What you need to do
The entries below contain a line with "Image similar to" and a line with "Personalised Penguin Apron, Personalised". Quote exactly those two lines and all lines between them.

Supplied entries
*** Block opens ***
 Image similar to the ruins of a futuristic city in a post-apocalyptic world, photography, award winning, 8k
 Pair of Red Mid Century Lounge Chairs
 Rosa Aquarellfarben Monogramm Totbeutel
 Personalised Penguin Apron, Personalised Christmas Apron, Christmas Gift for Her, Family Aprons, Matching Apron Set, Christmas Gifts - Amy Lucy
*** Block closes ***
*** Block opens ***
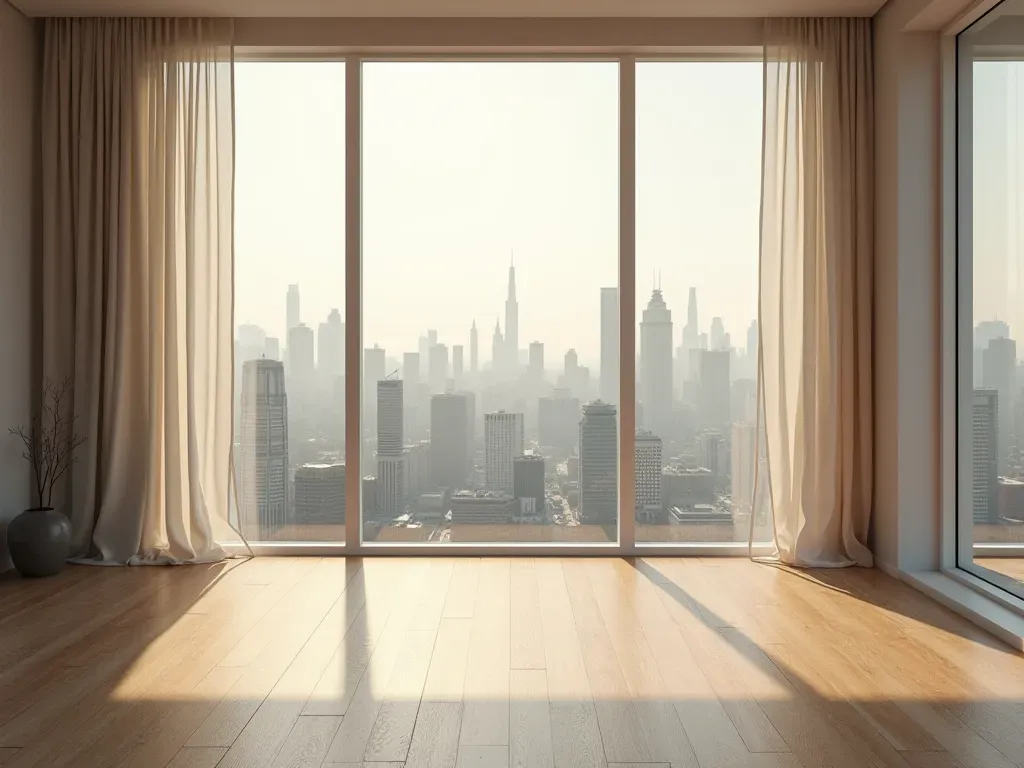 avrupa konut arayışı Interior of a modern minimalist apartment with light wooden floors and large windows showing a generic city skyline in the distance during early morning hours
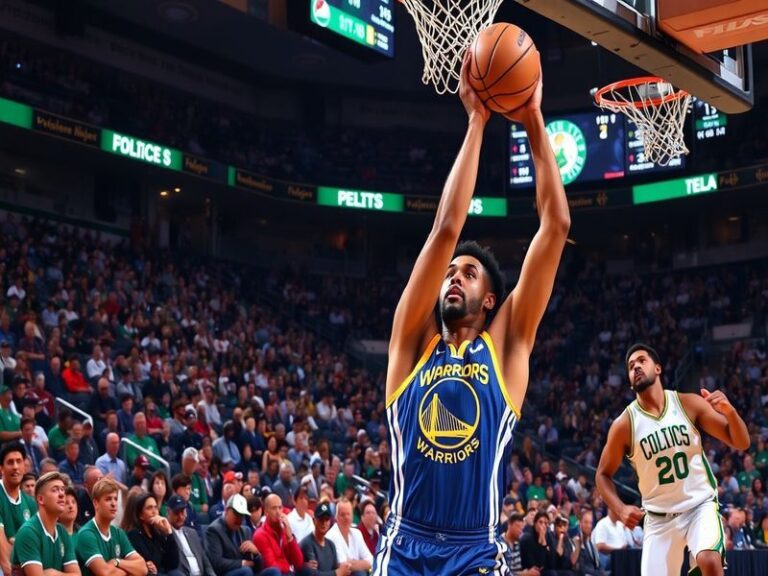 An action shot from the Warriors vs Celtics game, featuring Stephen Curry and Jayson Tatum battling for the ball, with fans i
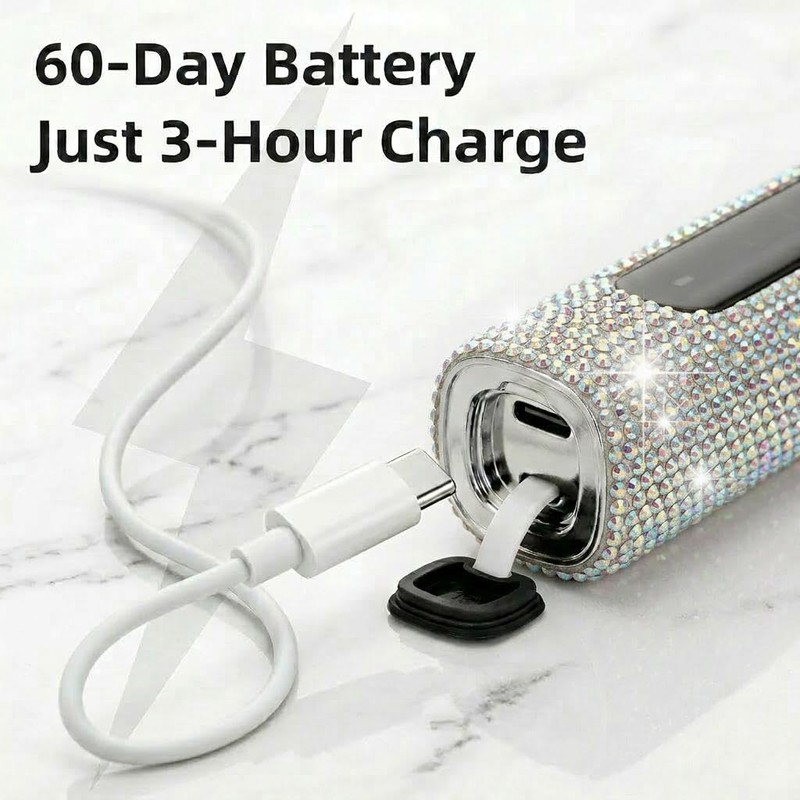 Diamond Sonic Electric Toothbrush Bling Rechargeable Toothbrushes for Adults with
*** Block closes ***
Result of this exercise
 Image similar to the ruins of a futuristic city in a post-apocalyptic world, photography, award winning, 8k
 Pair of Red Mid Century Lounge Chairs
 Rosa Aquarellfarben Monogramm Totbeutel
 Personalised Penguin Apron, Personalised Christmas Apron, Christmas Gift for Her, Family Aprons, Matching Apron Set, Christmas Gifts - Amy Lucy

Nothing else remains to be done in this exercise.